## Action item:
Pictures excluded, please retype exactly the lines from the start of the data through the line that contains "Western blot analysis", both ends kept, and nothing beyond them.

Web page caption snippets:
★ ★ ★ ★ ★

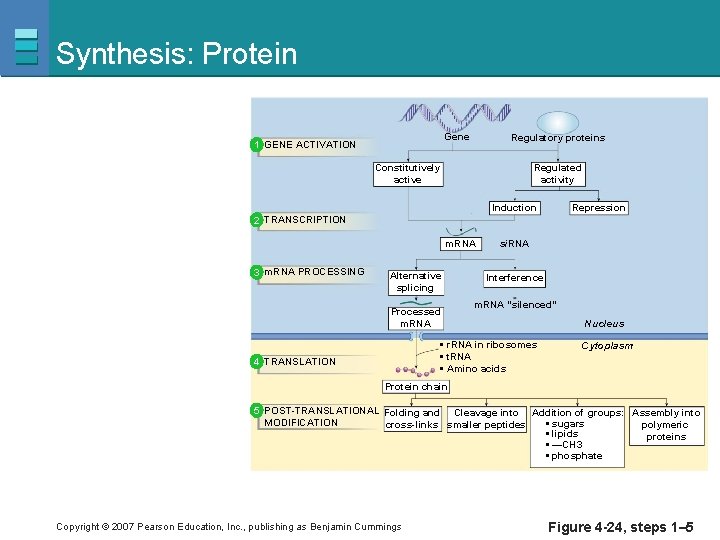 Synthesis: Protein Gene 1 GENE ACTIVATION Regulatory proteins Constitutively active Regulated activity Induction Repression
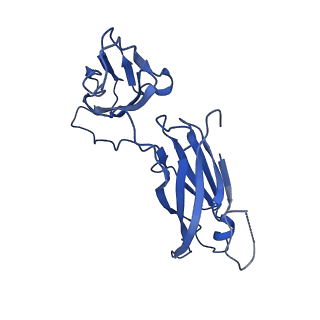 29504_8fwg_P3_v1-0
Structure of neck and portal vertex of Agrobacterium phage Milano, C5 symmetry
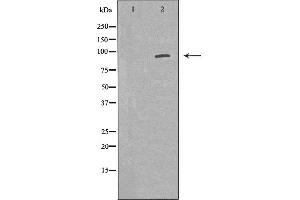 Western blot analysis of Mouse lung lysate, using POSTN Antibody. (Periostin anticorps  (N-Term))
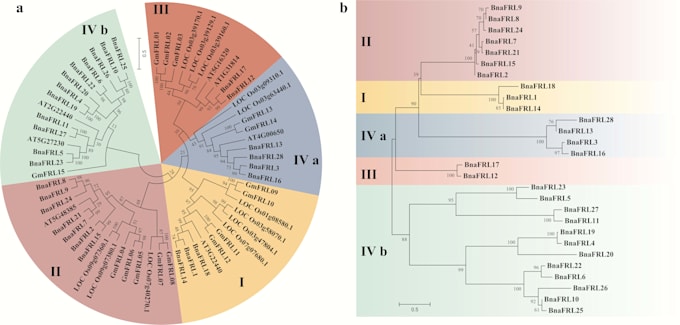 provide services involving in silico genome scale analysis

★ ★ ★ ★ ★

## Answer to the problem:
 Synthesis: Protein Gene 1 GENE ACTIVATION Regulatory proteins Constitutively active Regulated activity Induction Repression
 29504_8fwg_P3_v1-0
Structure of neck and portal vertex of Agrobacterium phage Milano, C5 symmetry
 Western blot analysis of Mouse lung lysate, using POSTN Antibody. (Periostin anticorps  (N-Term))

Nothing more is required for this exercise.